# Area of Regular Polygon Calculator

Pentagon

Hexagon

Heptagon

Octagon

Nonagon

Decagon

## How To Use Regular Polygon Calculator

Lets first understand, what is a polygon and how we can calculate the areas of different polygons?

Polygon

A polygon is a plane figure that is described by a finite number of straight line segments connected to form a closed polygonal circuit.

The segments of a polygonal circuit are called its edges or sides and the points where two edges meet are the polygon's vertices.

A simple polygon is one which does not intersect itself.

Pentagon

A pentagon is any five-sided polygon.

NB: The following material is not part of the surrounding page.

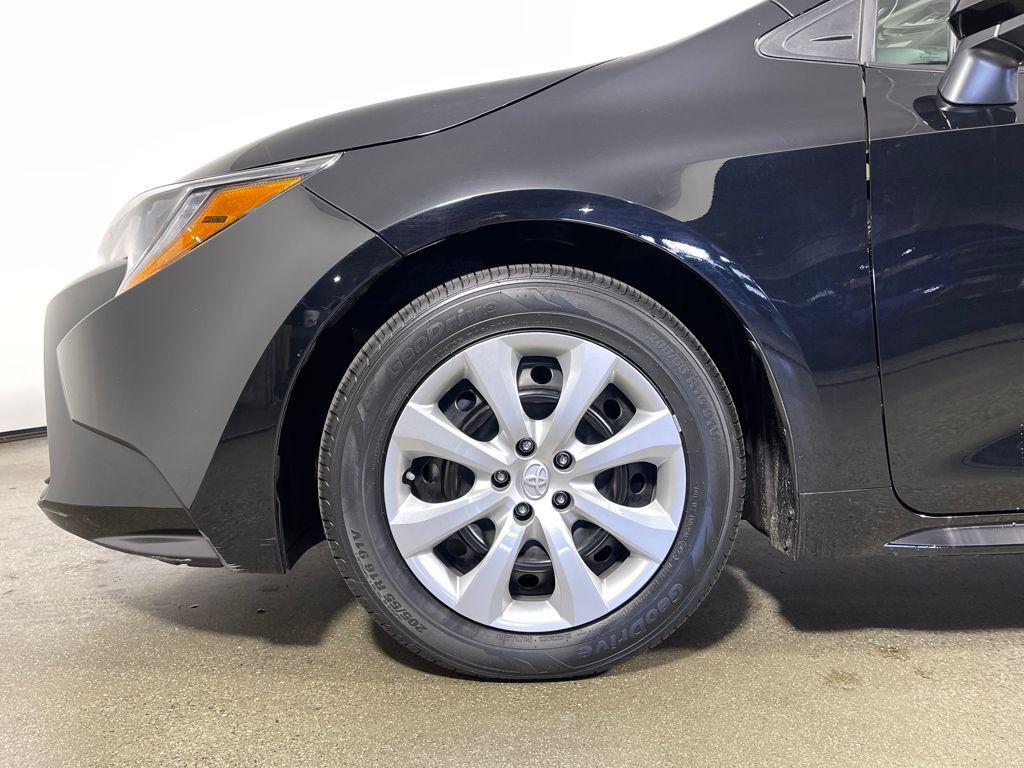 used 2024 Toyota Corolla car, priced at $23,998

The total sum of the internal angles in a simple pentagon is 540°.

Let the length of each side of the pentagon be $$a$$ units,

then area of the pentagon is given by

$$A=\dfrac{a^2}{4}\sqrt{5(5+2\sqrt{5})}$$

Hexagon

A hexagon is any six-sided polygon. The total sum of the internal angles in a simple hexagon is 720°.

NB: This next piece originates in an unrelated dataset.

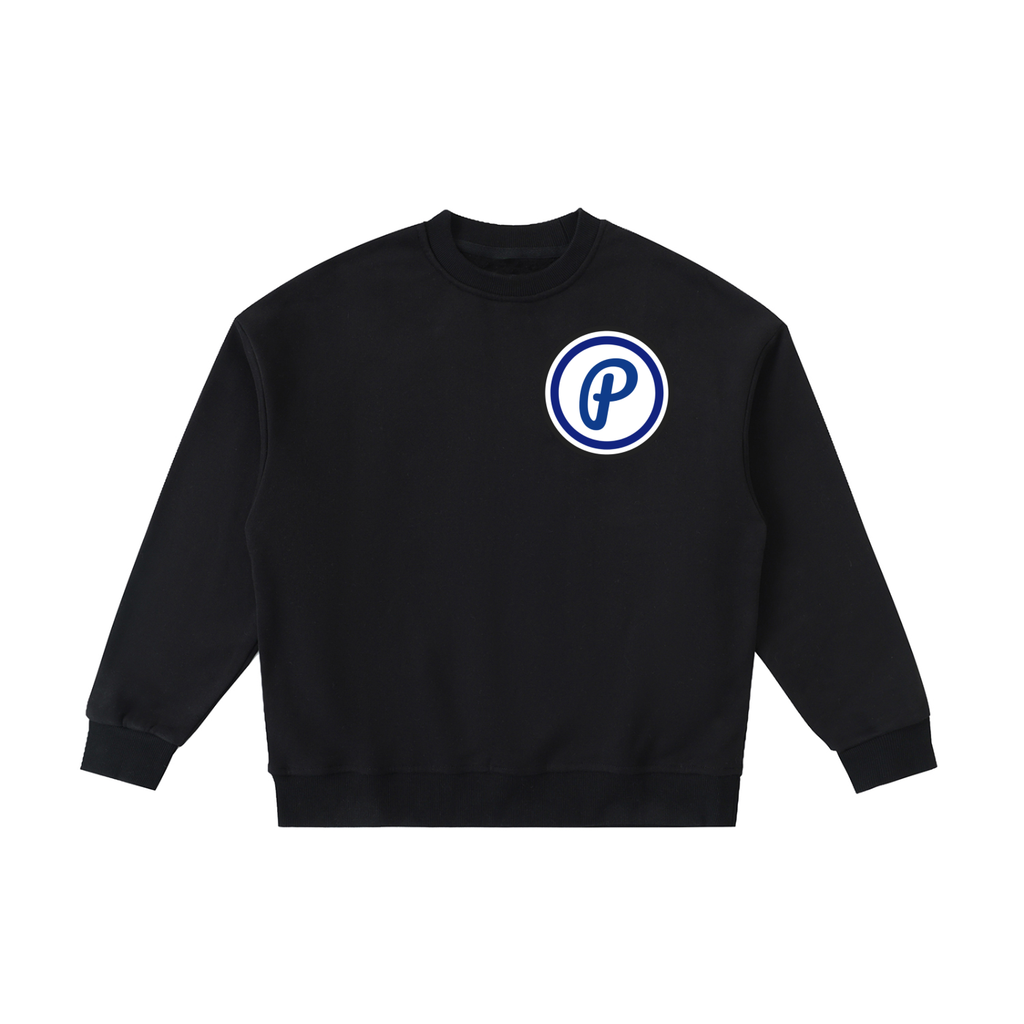 Penmanship Essential Fleece Kids' Crewneck Sweatshirt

Let the length of each side of the hexagon be $$a$$ units,

then area of the hexagon is given by

$$A=\dfrac{3\sqrt{3}}{2}a^2$$

Heptagon

A heptagon is any seven-sided polygon. The total sum of the internal angles in a simple heptagon is 900°.

Let the length of each side of the heptagon be $$a$$ units,

then area of the heptagon is given by

$$A=\dfrac{7}{4}a^2\cot\left(\dfrac{180°}{7}\right)$$

Octagon

An octagon is any eight-sided polygon. The total sum of the internal angles in a simple octagon is 1080°.

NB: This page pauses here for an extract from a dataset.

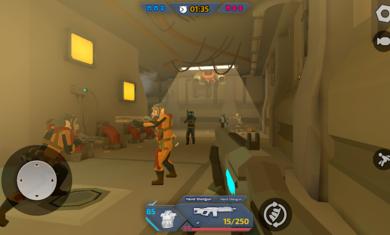 机枪呼叫无限子弹版 1.8.2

Let the length of each side of the octagon be $$a$$ units,

then area of the octagon is given by

$$A=2(1+\sqrt{2})a^2$$

Nonagon

A nonagon is any nine-sided polygon. The total sum of the internal angles in a simple nonagon is 1260°.

Let the length of each side of the nonagon be $$a$$ units,

then area of the nonagon is given by

$$A=\dfrac{9}{4}a^2\cot\left(\dfrac{180°}{9}\right)$$

Decagon

A decagon is any ten-sided polygon. The total sum of the internal angles in a simple decagon is 1440°.

Let the length of each side of the decagon be $$a$$ units,

then area of the decagon is given by

$$A=\dfrac{5}{2}a^2\sqrt{5+2\sqrt{5}}$$

For calculating areas of different regular polygons using above area of regular polygon calculator, you have to just write the values in the given input boxes and press the calculate button, you will get the result.